In terms of doubling, as my extension of Homi Bhabha’s concept of ‘hybridity’, ‘mimicry’ and ‘ambivalence’, female doubling is a symbol and semiotics of postcolonial exile that Seshadri employs repeatedly in 3 Sections. Doubling indicates the separation within selfhood. The proliferation of doubling image in modern literature and film is linked with the fragmentation and longing for companionship concurrent with the technological development of mechanical duplication and people’s increasing isolation accompanying the advancement of modernity. Since in the colonial discourse, the disempowered colonised is often feminised, female doubling emblemises the split allegiance and complex identity of the colonised, thus figures colonial and postcolonial exile.

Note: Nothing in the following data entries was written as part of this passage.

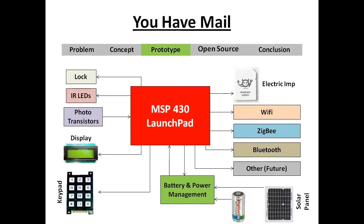The initial prototype will be built with an MSP430 Launchpad, which will consist of a lock for unlocking the postbox, infrared LEDs and photosensors for sensing mail and packages, an optional display, numeric keypad, battery and power management unit for the solar panel and battery, an Electric Imp unit for WiFi communication and WiFi setup, as well as a WiFi and Bluetooth module for future expansion.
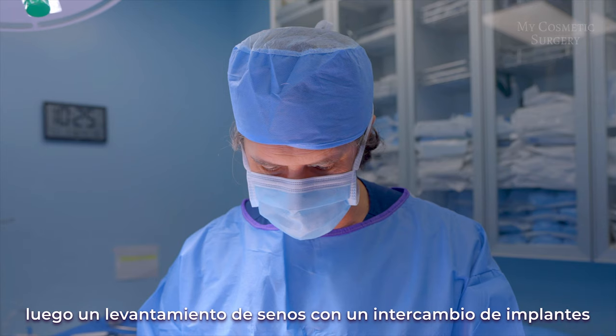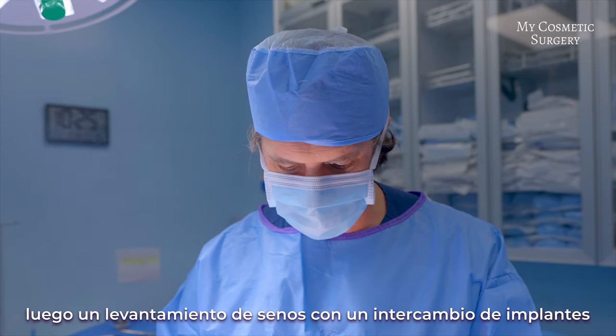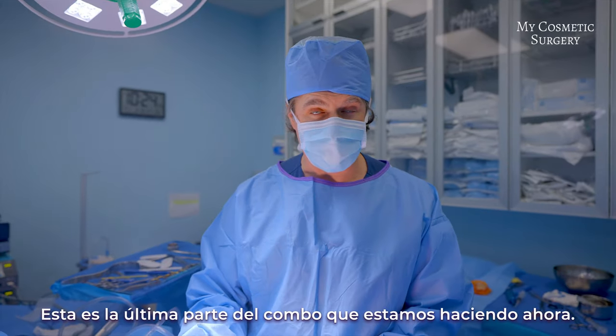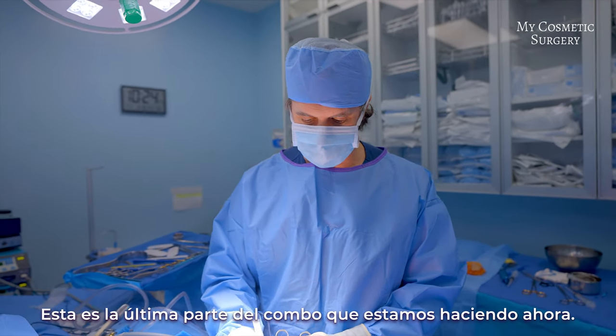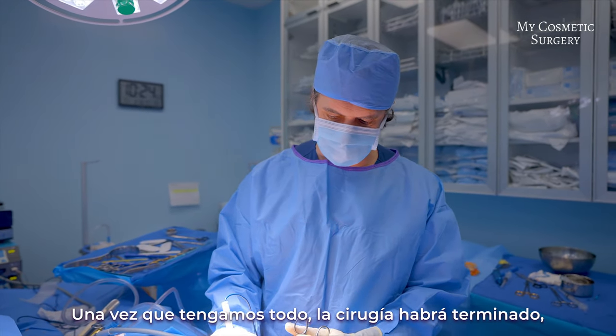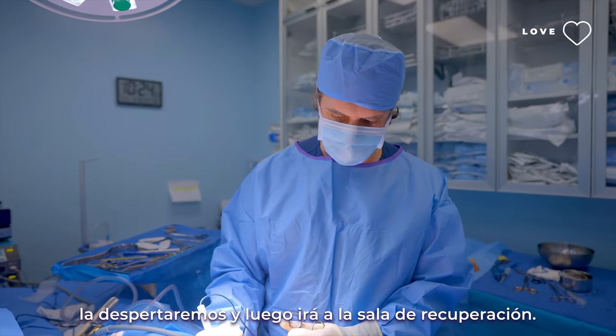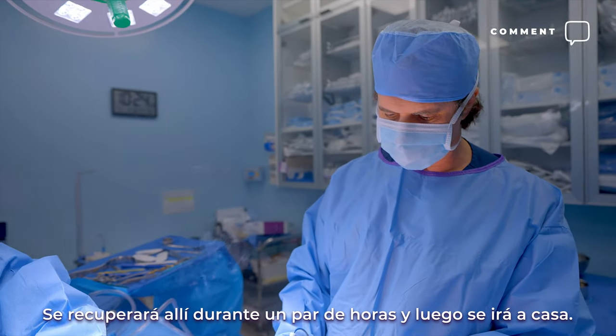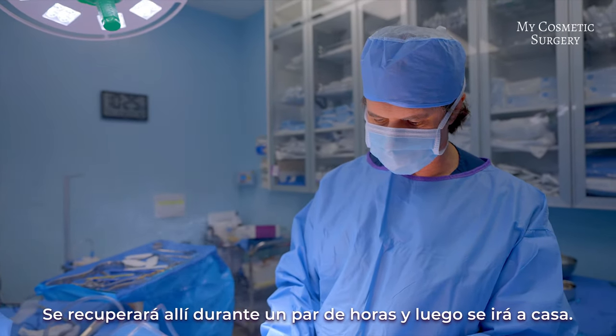So we did liposuction with a fat transfer and then a breast lift with a breast implant exchange using a silicone implant. This is the last part of the combo we're doing now — the breast lift, which is the mastopexy, with the implant exchange. Once we put everything together the surgery will be finished, we'll wake her up, she'll go into the recovery room for a couple of hours, and then she'll go home.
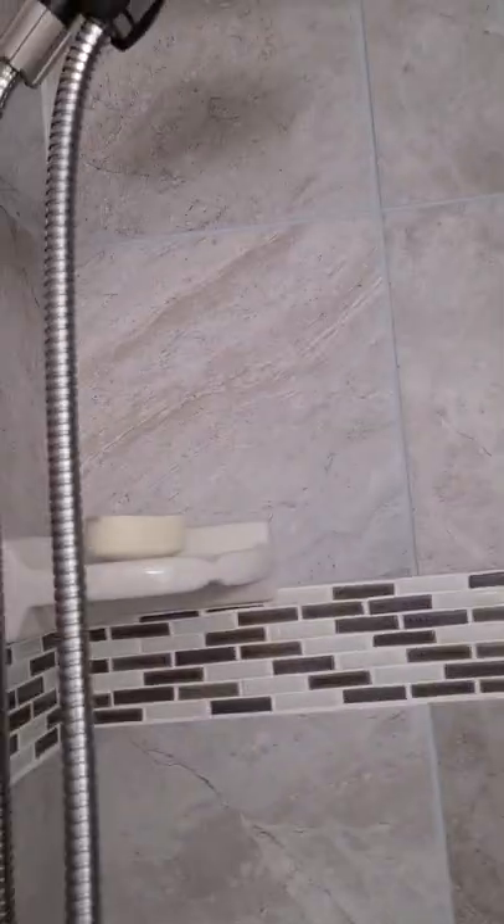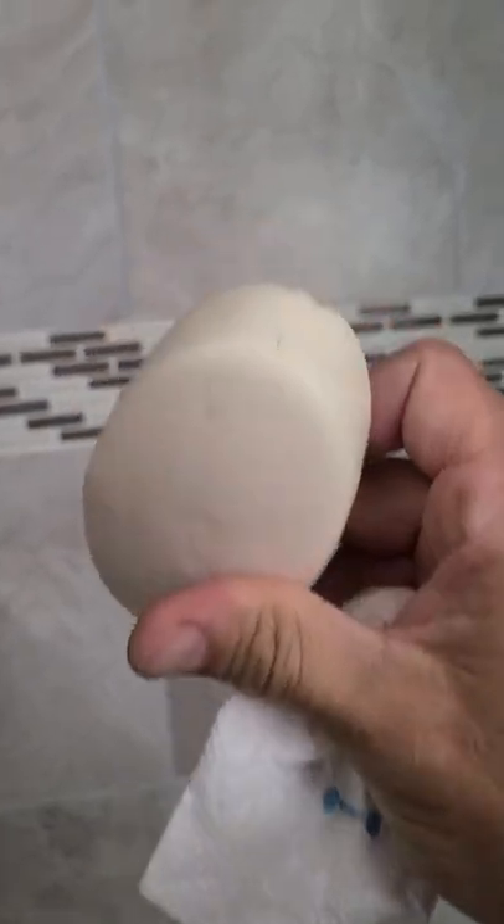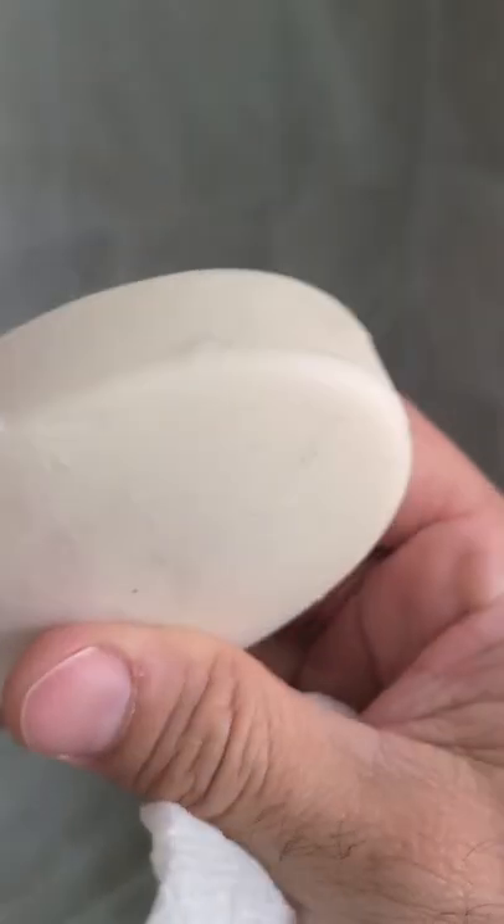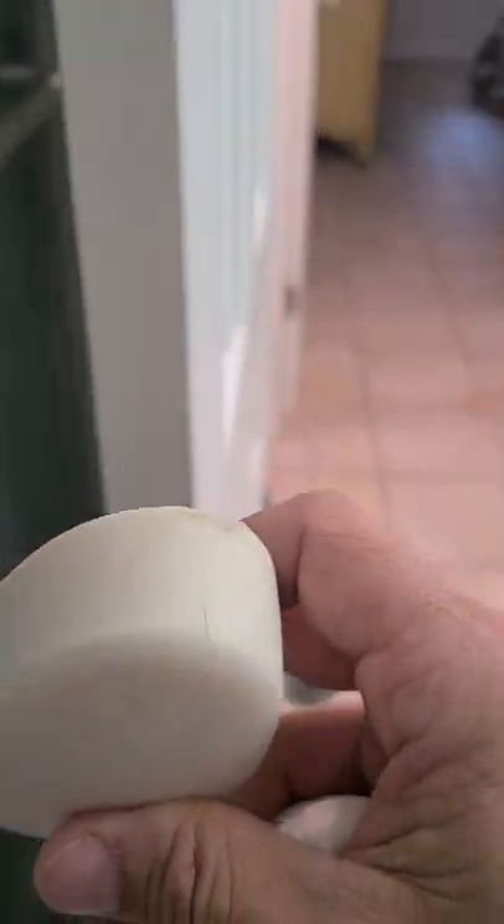I'll put in new soap — this looks like some old soap and there are hairs on it. We definitely don't want to be leaving soap with hair on it, so for the most part we can just trash this if you ever see it. Make sure this goes bye-bye.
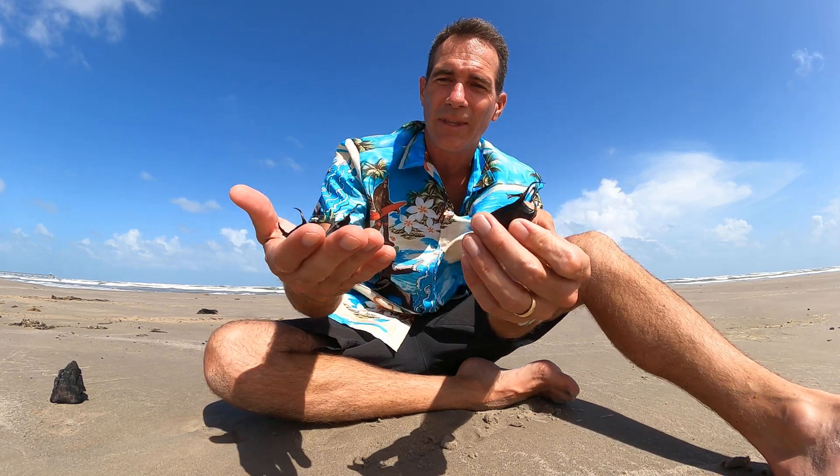The baby growing inside can remain in the casing anywhere from three months to 15 months, depending on the species. Once the baby is ready to get out, a little pocket opens up on one end and it swims out. Then we find the empty casings washing up on the beach.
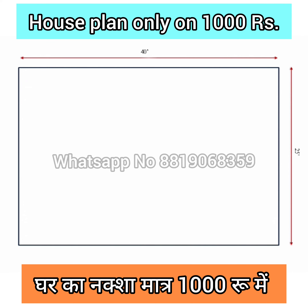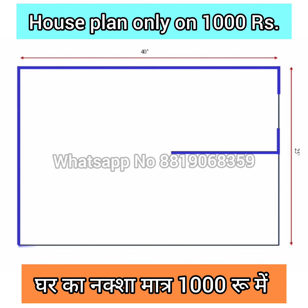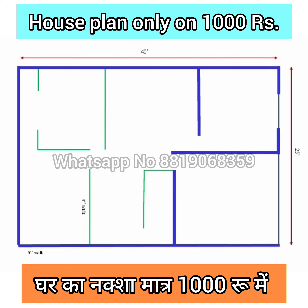Hello friends, welcome to this new plan. In this tutorial we will discuss about a 25 by 40 square feet 2 BHK house plan, in which you will get 2 bedrooms and basic facilities. The front of this house is from the east side.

On the one hand, female doubling is a ‘mimicry’, and is complicit with and submissive to colonial power and discourse. On the other hand, as defined by Bhabha’s ‘mimicry’, it represents a difference and is disruptive of the colonial power. The split, ambivalent subjectivity of the colonised other, with both its suggestion of racial disadvantage and complicity and its subterranean disruption is projected into the symbol of female doubling figured as a semiotics of postcolonial exile. In ‘Purgatory, the Film’, Seshadri voyeuristically dreams of his wife’s vicious, seductive, fictitious twin. ‘Always it was the other/ the firstborn, the bad twin, the runaway, he imagined.’ In ‘Family Happiness’, he confessed his identification with femininity in himself, his female doubling – ‘I was a lesbian trapped in the body of a man.’ The disruptive, prohibited female doubling recurring in 3 Sections suggests the colonised on the disadvantageous racial spectrum, and their superficially complicit but subliminally rebellious relationship with the colonial discourse.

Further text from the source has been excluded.